*** Opening of Dataset section ***

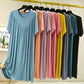 (Summer hot sale)Super Soft Comfortable Short Sleeve Loose Pajama Dress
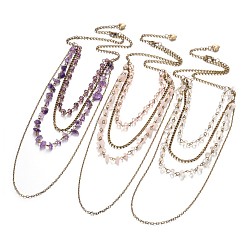 Mixed Stone Personalized Four Tier Gemstone Beads Necklaces, with Glass Beads, Brass Cross Chains and Iron Twisted Chains, Mixed Stone, 20.5 inch(52.1cm)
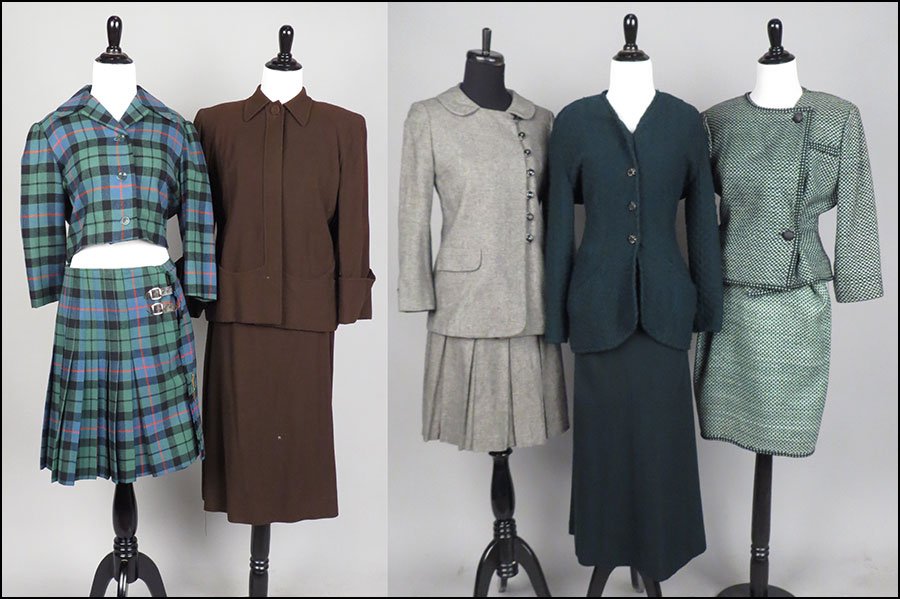 A GROUP OF FIVE TWO-PIECE ENSEMBLES.: A GROUP OF FIVE TWO-PIECE ENSEMBLES. All comprised of a jacket and a skirt. One labeled Siri San Francisco Milano (size 6), one labeled Donna Karan New York (black label), the other three are unlabele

*** Close of Dataset section ***

— Your instructions —
Give back the material above exactly, without pictures.

— Response below —
 (Summer hot sale)Super Soft Comfortable Short Sleeve Loose Pajama Dress
 Mixed Stone Personalized Four Tier Gemstone Beads Necklaces, with Glass Beads, Brass Cross Chains and Iron Twisted Chains, Mixed Stone, 20.5 inch(52.1cm)
 A GROUP OF FIVE TWO-PIECE ENSEMBLES.: A GROUP OF FIVE TWO-PIECE ENSEMBLES. All comprised of a jacket and a skirt. One labeled Siri San Francisco Milano (size 6), one labeled Donna Karan New York (black label), the other three are unlabele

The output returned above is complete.